Piatti esotici
L’asado argentino o il churrasco brasiliano? La renna in umido della Svezia, i fish&chips di Londra o la paella spagnola? Oppure il gulasch dell’Est Europa o lo spezzatino zighinì eritreo? Perché non provare a replicare a casa i gusti del pianeta? Non sarà lo stesso che gustare un nasi goreng in Malaysia o la marmitta di montone tra i nomadi della Mongolia, ma forse – anche sbagliando – scopriremo un nuovo e intrigante sapore fusion. Usando – questa è la particolarità – prodotti agricoli tanto esotici quanto 100 % italiani. Sì, perché nelle campagne dalle Alpi alla Sicilia maturano coltivazioni che non fanno parte della nostra tradizione. «Non è più il tempo in cui solo l’immigrato portava le sementi dal suo Paese per il proprio orticello come facevano i nostri nonni emigranti. Adesso c’è grande fermento anche tra gli imprenditori agricoli», spiega Vittorio Castellani, noto come Chef Kumalè.
La scoperta
Lo scrittore gastronomade ci guida alla scoperta delle novità a partire da alcune tipologie di tuberi: «L’olluco delle Ande (compatto e croccante anche con le lunghe cotture) ha trovato l’habitat ideale nelle Prealpi Lombarde e in Val di Susa in Piemonte. Nelle stesse zone le numerose comunità peruviane hanno portato la coltivazione del camote, che assomiglia alla patata dolce americana ma è arancione, ideale per il chicharrones de chanho (il maiale fritto)». Nelle campagne vicino Prato – la capitale italiana dei cinesi – crescono straordinarie varietà di cavoli e i lunghissimi fagiolini verdi che trovate saltati in padella nei ristoranti cinesi. I cinesi hanno introdotto anche la luffa, una zucca che quando è essiccata sembra una spugna.

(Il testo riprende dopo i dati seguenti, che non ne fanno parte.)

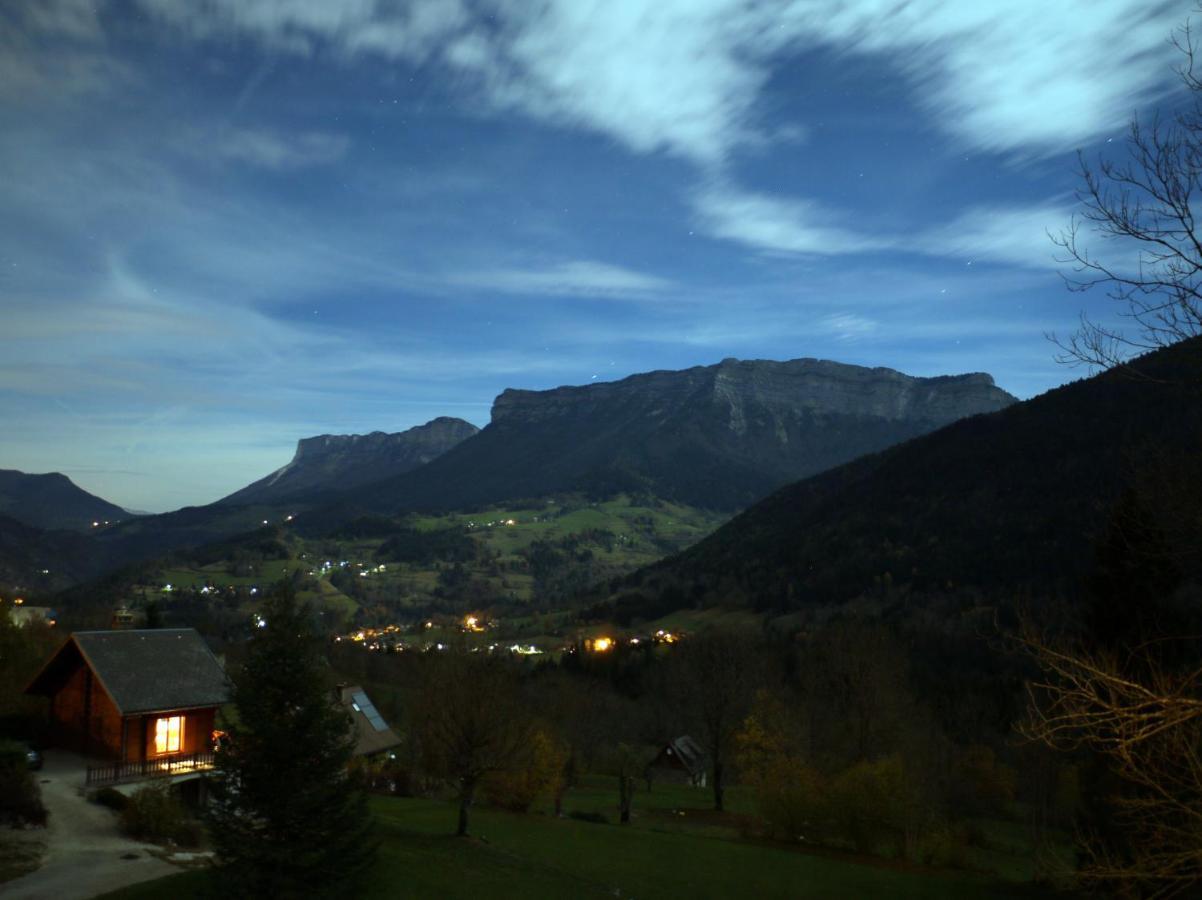 Le Frenola Villa Saint-Pierre-d'Entremont  Luaran gambar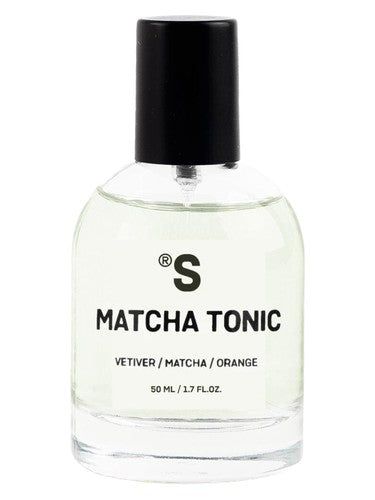 Sister's Aroma Matcha Tonic fragrance bottle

«Ai marocchini nel Sud Italia – continua Castellani – dobbiamo il merito di averci fatto prima
scoprire e poi spinto a coltivare la menta dolce per fare il te dolce. I maghi della mixologia preferiscono nel mohito alla menta glaciale». A proposito di aromatiche esotiche, ecco l’incredibile “menta negra”, la huacatay. Se in Bolivia e Perù cresce allo stato selvatico, viene ora coltivata nelle Prealpi Liguri. Innumerevoli i peperoncini – dall’habanero dello Yucatan al Trinidad Red Scorpion – che si sviluppano bene da noi. «Andateci piano – ammonisce Castellani – spesso le varietà di origine giamaicana, indiana, thailandese, hanno gradazioni altissime».
Globalizzazione
Le contaminazioni maggiori sono nella frutta: lemongrass e avocado sono rigogliosi in Sicilia e Calabria. Qui viene coltivato anche «un mango pregiato, non fibroso, migliore di quelli brasiliani e al livello del famoso Alphonso, a forma di cuore, assai caro a Buddha». In Sardegna, c’è chi si è specializzato nella coltivazione di Kiwano, Yacon e Crosne.
La materia prima non ci manca per cucinare esotico, magari come propone Takeshi Iwai, lo chef di Aalto di Milano. «I miei spaghetti con vongole alla tsukemen sono un dialogo tra due mondi, sintesi del mio viaggio dal Giappone all’Italia» racconta. «In Giappone, tsukemen è un piatto tipico per cui s’inzuppano soba o udon in una ciotola con dashi a parte. Ho reinterpretato questo gesto con lo spaghettone Cavalieri da intingere con le bacchette in una crema di vongole. L’ospite completa il piatto con altri ingredienti serviti a parte. Infine con un mini-shot fresco per pulire il palato».